That looks pretty good. Maybe one of the samples is mislabeled. Try doing this:

cbl.condenseModel();
cbl.sortModel();
cbl.visualizeModel("test");
cbl.saveModel();

And then saving it as a new model file. This will combine similar patterns and hopefully help eliminate any one-off errors in classification.

lakudo commented 4 years ago

Try it again following your steps, update the new condensed model file which looks good,but it still don't work. condense debug2 I try some new captchas which incluld number "1", I found a wired incident that all "1" became to "3". debug3 debug4

skotz commented 4 years ago

Yeah that's really odd. To debug it further I'd need a copy of your model.

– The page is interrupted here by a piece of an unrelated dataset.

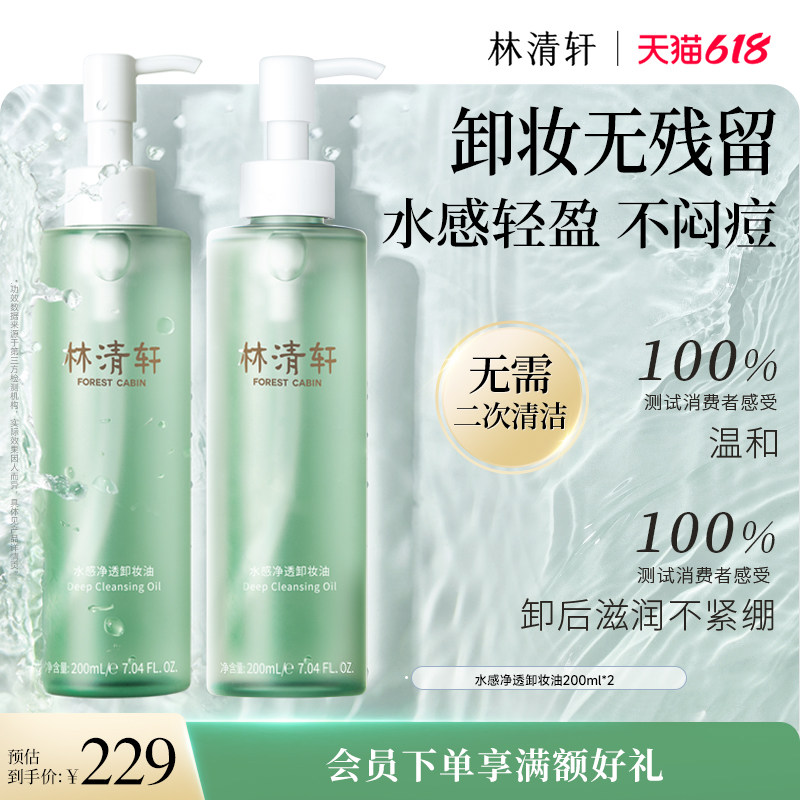 【618现货】林清轩水感净透眼唇卸妆油保湿舒缓温和清洁 正品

lakudo commented 4 years ago

You can get the model.txt file from the following links: condensed model.txt uncondensed model.txt

skotz commented 4 years ago

I compared the patterns with the segmented letters and noticed that you're scaling them during training but stretching them during solving.

image

If you add this line to your solver just like you have with your trainer, it works great.

pattern_maintain_ratio: true

image

Hopefully that'll do it!

lakudo commented 4 years ago

Yeah! I missed an attribution " pattern_maintain_ratio:true" in solving while set to "true"in training. It looks like the two scripts of train and solve should be fully the same, Much obliged.